TASK PROMPT | Exactly as written, return the entries below, minus any pictures.

AVAILABLE DATA |
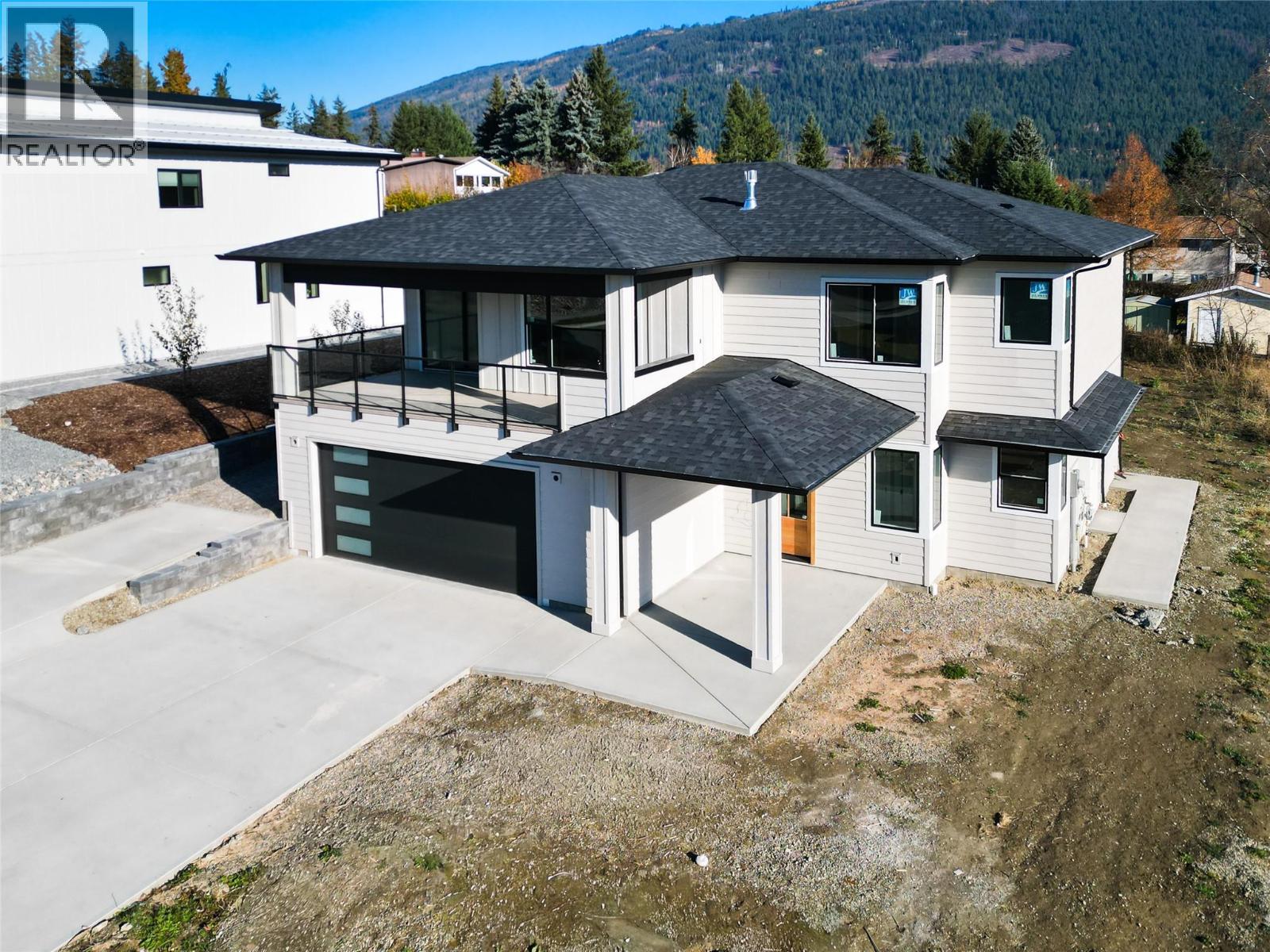 1770 35 Street NE, Salmon Arm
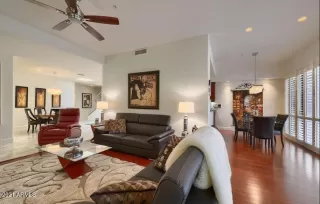 Photo #5: 6317177 Listing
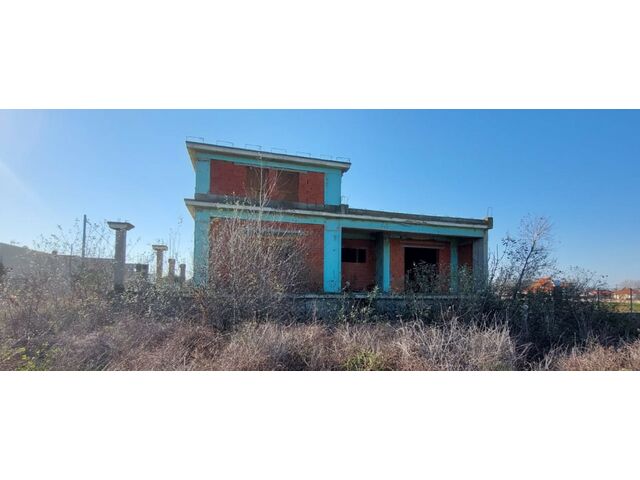 side main-bedroom balcony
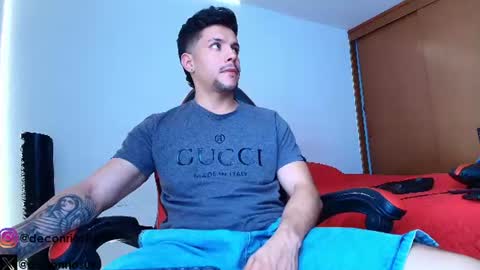 Snapshot of deconrios chatting on 06.27.26 Santiago online show from 06.27.26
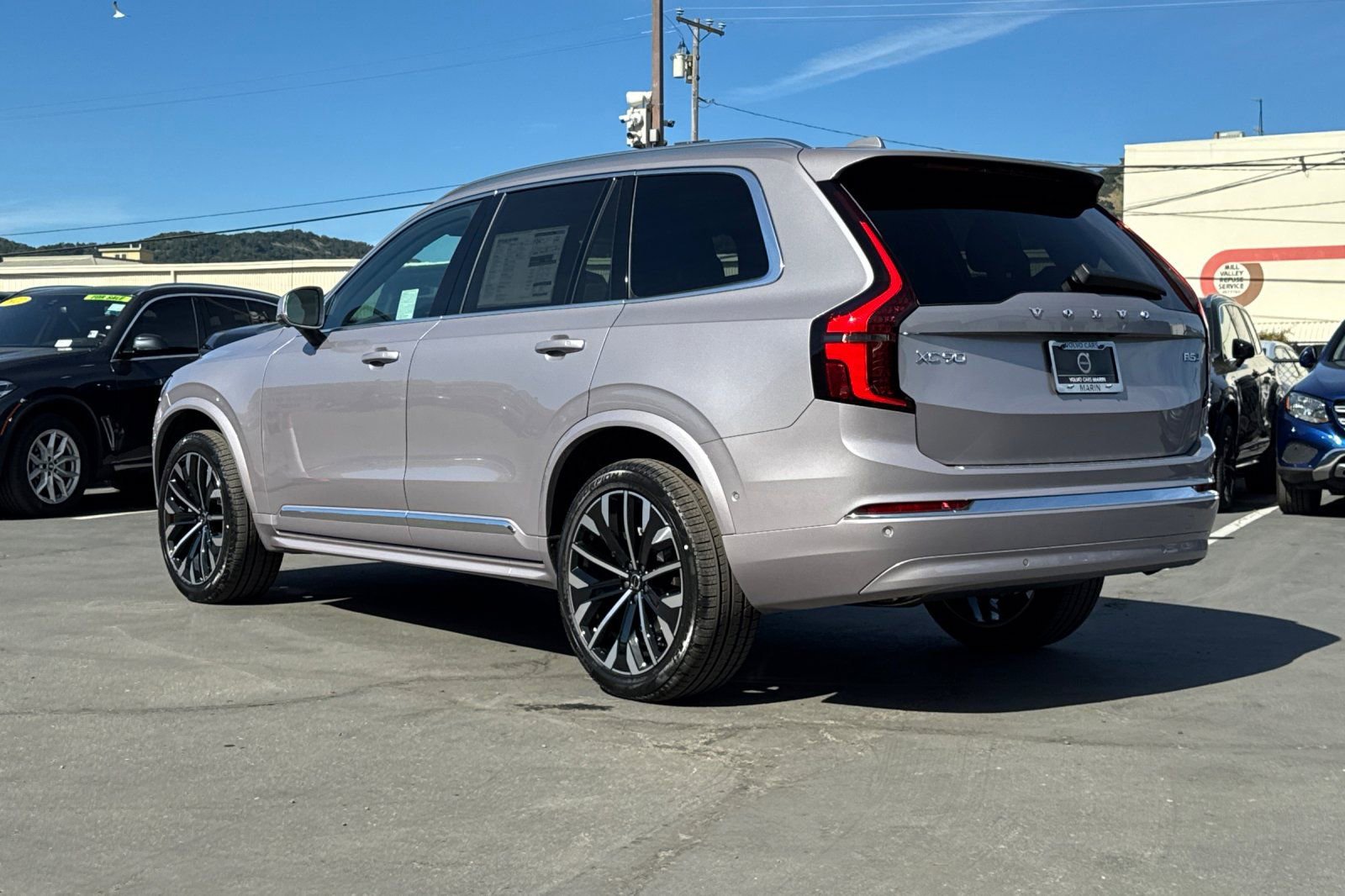 New 2026 Volvo XC90 B5 Plus w/ Protection Package image 6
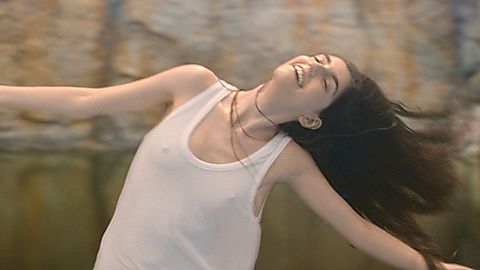 Pic: Paula Losada in Dancing on Glass (2022)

EXERCISE RESULT |
 1770 35 Street NE, Salmon Arm
 Photo #5: 6317177 Listing
 side main-bedroom balcony
 Snapshot of deconrios chatting on 06.27.26 Santiago online show from 06.27.26
 New 2026 Volvo XC90 B5 Plus w/ Protection Package image 6
 Pic: Paula Losada in Dancing on Glass (2022)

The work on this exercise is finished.